Action and system primitives
Primitive 1: web evidence that changes a GTM decision
Web scraping for GTM should not mean "research the company" and return a wall of text. The useful version collects public evidence that a human can review and a workflow can act on.
| GTM question | Web evidence to collect | Next action |
|---|---|---|
| Is this account hiring for our ICP? | job titles, department, posting URL | add or remove from target list |
| Does the company use a target tool? | docs, integrations page, source URL | score for partner or migration |
| What changed on the website? | page excerpt, date if available, URL | create research brief |
| Is the account relevant for outbound? | product page text, category, evidence | personalize or skip |
Primitive 2: the evidence-collection prompt
You are collecting public web evidence for a GTM workflow.
Target: example.com
Goal: decide whether the account fits our outbound campaign.
Required output fields: source_url, extracted_signal, evidence_excerpt, confidence, recommended_next_step.
Use scraping, search, or crawling only as needed.

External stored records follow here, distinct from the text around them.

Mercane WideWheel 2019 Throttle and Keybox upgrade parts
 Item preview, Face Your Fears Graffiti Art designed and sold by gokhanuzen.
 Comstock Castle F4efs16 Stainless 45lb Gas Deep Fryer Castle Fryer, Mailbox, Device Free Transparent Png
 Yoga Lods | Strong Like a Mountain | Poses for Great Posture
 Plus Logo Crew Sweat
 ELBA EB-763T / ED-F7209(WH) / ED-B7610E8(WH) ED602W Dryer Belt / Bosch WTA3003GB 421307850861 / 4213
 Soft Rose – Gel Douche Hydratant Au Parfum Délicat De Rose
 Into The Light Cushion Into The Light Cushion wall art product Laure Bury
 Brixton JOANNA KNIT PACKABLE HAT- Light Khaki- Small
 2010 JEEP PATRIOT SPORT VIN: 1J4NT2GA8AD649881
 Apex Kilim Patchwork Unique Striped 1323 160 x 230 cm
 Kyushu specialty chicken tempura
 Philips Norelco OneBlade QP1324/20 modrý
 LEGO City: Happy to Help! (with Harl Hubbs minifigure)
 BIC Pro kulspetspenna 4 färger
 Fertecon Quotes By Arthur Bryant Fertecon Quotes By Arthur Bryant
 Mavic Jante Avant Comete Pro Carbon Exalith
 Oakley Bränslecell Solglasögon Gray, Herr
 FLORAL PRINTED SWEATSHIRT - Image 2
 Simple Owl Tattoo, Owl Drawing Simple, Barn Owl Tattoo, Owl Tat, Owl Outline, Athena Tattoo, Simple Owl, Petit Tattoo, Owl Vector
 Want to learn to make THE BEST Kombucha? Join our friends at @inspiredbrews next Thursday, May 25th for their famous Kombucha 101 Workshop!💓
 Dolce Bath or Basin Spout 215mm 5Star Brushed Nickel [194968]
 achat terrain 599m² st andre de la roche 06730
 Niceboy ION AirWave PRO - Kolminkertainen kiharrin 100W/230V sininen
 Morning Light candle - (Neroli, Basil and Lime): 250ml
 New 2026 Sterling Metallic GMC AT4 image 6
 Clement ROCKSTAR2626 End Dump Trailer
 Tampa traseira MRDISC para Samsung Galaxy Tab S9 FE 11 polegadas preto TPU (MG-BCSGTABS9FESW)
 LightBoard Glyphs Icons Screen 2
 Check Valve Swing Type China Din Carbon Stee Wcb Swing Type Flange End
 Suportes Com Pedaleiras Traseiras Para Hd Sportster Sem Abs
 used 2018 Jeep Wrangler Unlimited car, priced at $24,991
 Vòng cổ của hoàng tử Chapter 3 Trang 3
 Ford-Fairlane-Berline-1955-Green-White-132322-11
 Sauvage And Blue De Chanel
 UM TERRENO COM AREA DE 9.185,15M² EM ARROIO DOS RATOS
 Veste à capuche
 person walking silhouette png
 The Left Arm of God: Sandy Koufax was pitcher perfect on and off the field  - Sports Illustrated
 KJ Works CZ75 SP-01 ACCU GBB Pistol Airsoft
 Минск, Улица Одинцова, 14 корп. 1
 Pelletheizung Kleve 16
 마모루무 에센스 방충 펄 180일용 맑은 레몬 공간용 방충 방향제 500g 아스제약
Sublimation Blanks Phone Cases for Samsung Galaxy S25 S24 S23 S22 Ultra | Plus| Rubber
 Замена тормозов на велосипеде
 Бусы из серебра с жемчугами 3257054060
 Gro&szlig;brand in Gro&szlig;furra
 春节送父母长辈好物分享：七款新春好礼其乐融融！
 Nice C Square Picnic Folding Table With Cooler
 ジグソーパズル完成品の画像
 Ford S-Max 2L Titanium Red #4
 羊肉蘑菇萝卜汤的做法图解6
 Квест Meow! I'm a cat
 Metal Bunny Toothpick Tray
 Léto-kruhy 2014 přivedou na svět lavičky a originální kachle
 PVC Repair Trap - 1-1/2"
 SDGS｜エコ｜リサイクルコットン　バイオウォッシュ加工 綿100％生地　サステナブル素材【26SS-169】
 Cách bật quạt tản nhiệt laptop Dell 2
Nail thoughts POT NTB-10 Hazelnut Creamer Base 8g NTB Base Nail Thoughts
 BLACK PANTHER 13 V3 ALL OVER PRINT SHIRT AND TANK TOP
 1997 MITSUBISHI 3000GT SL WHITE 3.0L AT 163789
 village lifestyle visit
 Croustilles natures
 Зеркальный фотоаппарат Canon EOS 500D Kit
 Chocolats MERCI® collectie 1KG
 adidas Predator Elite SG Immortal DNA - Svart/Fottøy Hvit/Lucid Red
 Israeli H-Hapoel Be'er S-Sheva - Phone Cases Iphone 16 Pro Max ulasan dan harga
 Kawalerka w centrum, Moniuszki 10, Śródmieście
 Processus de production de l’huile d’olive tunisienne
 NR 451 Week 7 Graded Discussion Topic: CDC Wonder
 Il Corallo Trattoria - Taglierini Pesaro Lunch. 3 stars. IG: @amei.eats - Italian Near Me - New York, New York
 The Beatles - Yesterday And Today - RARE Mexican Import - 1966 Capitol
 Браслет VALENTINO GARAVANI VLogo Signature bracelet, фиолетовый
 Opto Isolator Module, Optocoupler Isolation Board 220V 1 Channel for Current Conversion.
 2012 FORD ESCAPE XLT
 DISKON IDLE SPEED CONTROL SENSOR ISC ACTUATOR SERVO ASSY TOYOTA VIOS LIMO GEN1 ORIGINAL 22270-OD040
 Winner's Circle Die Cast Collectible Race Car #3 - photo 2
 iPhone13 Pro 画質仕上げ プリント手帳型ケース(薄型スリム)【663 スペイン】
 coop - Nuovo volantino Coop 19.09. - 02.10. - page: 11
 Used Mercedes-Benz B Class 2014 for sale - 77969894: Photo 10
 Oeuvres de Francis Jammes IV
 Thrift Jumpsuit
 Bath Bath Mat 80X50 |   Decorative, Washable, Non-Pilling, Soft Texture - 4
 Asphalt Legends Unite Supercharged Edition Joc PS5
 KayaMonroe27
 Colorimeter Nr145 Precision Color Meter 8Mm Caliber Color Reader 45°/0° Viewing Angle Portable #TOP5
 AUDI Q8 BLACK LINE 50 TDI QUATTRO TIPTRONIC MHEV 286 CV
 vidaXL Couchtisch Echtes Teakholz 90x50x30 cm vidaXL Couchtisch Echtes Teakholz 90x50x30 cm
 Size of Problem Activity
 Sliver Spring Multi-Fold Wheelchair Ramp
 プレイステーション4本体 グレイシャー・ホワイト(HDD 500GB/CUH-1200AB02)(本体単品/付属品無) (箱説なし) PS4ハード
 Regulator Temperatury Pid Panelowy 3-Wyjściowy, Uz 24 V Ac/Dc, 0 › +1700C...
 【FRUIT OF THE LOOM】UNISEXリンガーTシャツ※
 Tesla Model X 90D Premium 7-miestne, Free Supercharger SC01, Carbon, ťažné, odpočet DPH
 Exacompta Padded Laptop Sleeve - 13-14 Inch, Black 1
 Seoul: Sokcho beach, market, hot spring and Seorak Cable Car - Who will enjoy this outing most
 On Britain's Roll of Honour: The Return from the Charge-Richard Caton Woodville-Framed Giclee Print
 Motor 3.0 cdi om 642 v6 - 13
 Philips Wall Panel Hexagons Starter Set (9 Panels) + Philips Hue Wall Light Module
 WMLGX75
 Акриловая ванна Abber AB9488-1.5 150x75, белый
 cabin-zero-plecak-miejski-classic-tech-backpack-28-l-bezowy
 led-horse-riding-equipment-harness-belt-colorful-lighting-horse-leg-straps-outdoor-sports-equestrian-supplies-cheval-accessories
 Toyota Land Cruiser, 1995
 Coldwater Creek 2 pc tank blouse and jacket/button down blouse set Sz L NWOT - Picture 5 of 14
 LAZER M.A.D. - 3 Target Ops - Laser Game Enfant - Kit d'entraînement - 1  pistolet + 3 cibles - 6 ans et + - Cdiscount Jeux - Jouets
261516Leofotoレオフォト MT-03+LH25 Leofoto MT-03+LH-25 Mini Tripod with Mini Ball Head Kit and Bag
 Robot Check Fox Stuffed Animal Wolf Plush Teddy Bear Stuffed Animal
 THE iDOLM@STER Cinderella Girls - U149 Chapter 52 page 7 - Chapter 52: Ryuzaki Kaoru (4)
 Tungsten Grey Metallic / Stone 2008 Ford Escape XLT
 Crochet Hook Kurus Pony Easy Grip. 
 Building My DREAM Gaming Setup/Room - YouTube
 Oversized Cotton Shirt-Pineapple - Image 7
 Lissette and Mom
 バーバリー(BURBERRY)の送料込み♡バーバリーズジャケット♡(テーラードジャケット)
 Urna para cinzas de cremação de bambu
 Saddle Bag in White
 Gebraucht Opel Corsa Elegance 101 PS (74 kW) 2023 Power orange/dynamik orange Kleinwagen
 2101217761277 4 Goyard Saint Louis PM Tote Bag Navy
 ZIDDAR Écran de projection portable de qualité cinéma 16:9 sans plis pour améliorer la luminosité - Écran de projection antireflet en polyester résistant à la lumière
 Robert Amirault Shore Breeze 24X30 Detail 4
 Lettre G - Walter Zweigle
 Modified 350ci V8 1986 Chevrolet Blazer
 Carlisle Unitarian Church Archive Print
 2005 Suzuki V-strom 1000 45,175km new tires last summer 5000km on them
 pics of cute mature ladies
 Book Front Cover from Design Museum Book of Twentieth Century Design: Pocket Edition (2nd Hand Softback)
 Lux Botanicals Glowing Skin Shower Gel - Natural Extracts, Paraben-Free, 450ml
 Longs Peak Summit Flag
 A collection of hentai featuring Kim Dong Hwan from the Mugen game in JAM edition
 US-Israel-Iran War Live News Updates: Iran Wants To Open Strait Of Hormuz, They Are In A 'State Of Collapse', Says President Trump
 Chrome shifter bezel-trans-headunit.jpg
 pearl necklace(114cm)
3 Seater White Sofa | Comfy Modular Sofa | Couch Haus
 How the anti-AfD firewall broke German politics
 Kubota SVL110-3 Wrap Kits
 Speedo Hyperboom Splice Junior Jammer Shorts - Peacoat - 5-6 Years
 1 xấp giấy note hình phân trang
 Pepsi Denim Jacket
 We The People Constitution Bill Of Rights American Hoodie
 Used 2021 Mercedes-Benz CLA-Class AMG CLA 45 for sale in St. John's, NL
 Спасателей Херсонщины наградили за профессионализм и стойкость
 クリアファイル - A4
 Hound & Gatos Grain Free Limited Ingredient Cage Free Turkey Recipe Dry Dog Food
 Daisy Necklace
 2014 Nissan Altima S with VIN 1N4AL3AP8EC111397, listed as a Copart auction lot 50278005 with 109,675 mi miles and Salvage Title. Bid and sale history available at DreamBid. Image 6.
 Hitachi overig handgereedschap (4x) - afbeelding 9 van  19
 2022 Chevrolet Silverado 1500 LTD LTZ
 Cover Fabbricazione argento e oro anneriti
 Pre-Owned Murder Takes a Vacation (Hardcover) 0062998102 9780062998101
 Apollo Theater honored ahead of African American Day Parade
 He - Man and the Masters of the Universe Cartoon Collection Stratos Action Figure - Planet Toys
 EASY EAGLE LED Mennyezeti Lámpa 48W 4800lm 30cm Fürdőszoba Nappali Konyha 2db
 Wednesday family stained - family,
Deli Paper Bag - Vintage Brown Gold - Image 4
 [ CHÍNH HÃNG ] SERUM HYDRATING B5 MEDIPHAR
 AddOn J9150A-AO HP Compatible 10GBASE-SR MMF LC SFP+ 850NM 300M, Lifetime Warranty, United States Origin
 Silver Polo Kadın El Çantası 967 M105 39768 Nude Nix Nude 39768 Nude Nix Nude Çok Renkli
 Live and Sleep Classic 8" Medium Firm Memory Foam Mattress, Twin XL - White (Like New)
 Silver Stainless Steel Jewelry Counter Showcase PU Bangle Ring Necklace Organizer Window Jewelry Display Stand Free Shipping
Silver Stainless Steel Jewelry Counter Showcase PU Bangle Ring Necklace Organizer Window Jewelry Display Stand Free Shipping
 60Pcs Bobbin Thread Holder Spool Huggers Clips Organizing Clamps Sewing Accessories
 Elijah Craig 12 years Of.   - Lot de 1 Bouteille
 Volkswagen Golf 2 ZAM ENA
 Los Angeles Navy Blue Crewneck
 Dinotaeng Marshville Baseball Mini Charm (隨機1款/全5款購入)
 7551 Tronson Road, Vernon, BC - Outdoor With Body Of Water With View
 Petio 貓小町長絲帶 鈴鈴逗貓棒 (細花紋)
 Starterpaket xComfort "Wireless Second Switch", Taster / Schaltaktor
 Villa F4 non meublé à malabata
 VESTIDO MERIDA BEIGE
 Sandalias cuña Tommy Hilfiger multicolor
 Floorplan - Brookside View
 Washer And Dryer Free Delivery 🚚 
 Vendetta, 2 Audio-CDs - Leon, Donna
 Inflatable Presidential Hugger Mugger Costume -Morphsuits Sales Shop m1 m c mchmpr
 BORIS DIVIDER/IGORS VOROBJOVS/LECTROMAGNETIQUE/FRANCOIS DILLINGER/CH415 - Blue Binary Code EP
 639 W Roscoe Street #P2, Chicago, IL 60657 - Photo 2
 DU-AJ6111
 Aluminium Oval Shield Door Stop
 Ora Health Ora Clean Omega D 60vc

Do not return a generic company summary.
Every recommendation must include a source URL and short evidence excerpt.
Mark low-confidence results as needs_review.
This is the difference between useful web scraping automation and another research note nobody trusts.
Primitive 3: source-backed extraction output
| source_url | extracted_signal | evidence_excerpt | recommended_next_step |
|---|---|---|---|
| https://example.com/careers | hiring SDR managers | "Sales Development" | score_for_outbound |
| https://example.com/docs | uses Snowflake | "Snowflake export" | partner_angle |
The source URL and excerpt make the output inspectable by a person before it affects CRM or outbound.
How the primitives move through skills, scripts, and Workflows
Start with the Deepline skill. The skill is the primary way to ask for web evidence, inspect source URLs and excerpts, and decide whether the extraction is strong enough for GTM action.
When the sample is trusted, promote the same extraction contract into a script for repeatable runs or a Deepline Workflow for scheduled crawls, review queues, and downstream enrichment.
Typical inputs include a target domain, a known URL, a search objective, a list of URLs, an actor id, a crawl scope, or an extraction objective. The exact payload depends on the confirmed provider tool id.
Common output shapes include discovered URLs, page text, structured extraction fields, crawl job ids, actor run ids, dataset handles, excerpts, source evidence, and normalized JSON that another Deepline workflow can consume.
The workflow boundary is important. Scraping is not the final GTM outcome. The output usually feeds one of these next steps:
- enrich a company or contact record,
- classify an account,
- route a lead,
- create a research brief,
- update a CRM or outbound campaign.
Implementation surfaces after the skill works
For provider-backed scraping and web-data tools, use:
POST /api/v2/integrations/{toolId}/execute
Confirmed provider tool ids in this repo include:
firecrawl_scrape,firecrawl_search,firecrawl_map,firecrawl_crawl, andfirecrawl_extractapify_run_actor,apify_run_actor_sync,apify_get_actor, andapify_get_dataset_itemsexa_searchparallel_search,parallel_extract, andparallel_run_task
The route is tool-id specific. A script or Workflow should choose the provider spoke based on the target surface, then call the shared integration execute route with the exact tool id. If the schema is uncertain, inspect the tool first instead of guessing a payload.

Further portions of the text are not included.